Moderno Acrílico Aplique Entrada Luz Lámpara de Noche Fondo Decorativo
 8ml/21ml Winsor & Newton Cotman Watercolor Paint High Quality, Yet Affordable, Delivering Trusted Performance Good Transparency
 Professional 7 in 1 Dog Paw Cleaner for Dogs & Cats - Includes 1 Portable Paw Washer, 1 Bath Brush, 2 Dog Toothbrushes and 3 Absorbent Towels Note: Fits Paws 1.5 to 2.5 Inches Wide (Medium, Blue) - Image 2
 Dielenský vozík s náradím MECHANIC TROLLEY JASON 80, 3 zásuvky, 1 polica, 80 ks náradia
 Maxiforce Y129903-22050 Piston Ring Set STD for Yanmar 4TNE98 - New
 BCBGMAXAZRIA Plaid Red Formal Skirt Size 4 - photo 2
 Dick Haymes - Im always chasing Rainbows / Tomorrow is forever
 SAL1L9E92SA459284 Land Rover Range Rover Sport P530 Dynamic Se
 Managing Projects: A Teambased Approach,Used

################

• _How to complete this task_: Set down all the data exactly as given.

• _The answer_:
Moderno Acrílico Aplique Entrada Luz Lámpara de Noche Fondo Decorativo
 8ml/21ml Winsor & Newton Cotman Watercolor Paint High Quality, Yet Affordable, Delivering Trusted Performance Good Transparency
 Professional 7 in 1 Dog Paw Cleaner for Dogs & Cats - Includes 1 Portable Paw Washer, 1 Bath Brush, 2 Dog Toothbrushes and 3 Absorbent Towels Note: Fits Paws 1.5 to 2.5 Inches Wide (Medium, Blue) - Image 2
 Dielenský vozík s náradím MECHANIC TROLLEY JASON 80, 3 zásuvky, 1 polica, 80 ks náradia
 Maxiforce Y129903-22050 Piston Ring Set STD for Yanmar 4TNE98 - New
 BCBGMAXAZRIA Plaid Red Formal Skirt Size 4 - photo 2
 Dick Haymes - Im always chasing Rainbows / Tomorrow is forever
 SAL1L9E92SA459284 Land Rover Range Rover Sport P530 Dynamic Se
 Managing Projects: A Teambased Approach,Used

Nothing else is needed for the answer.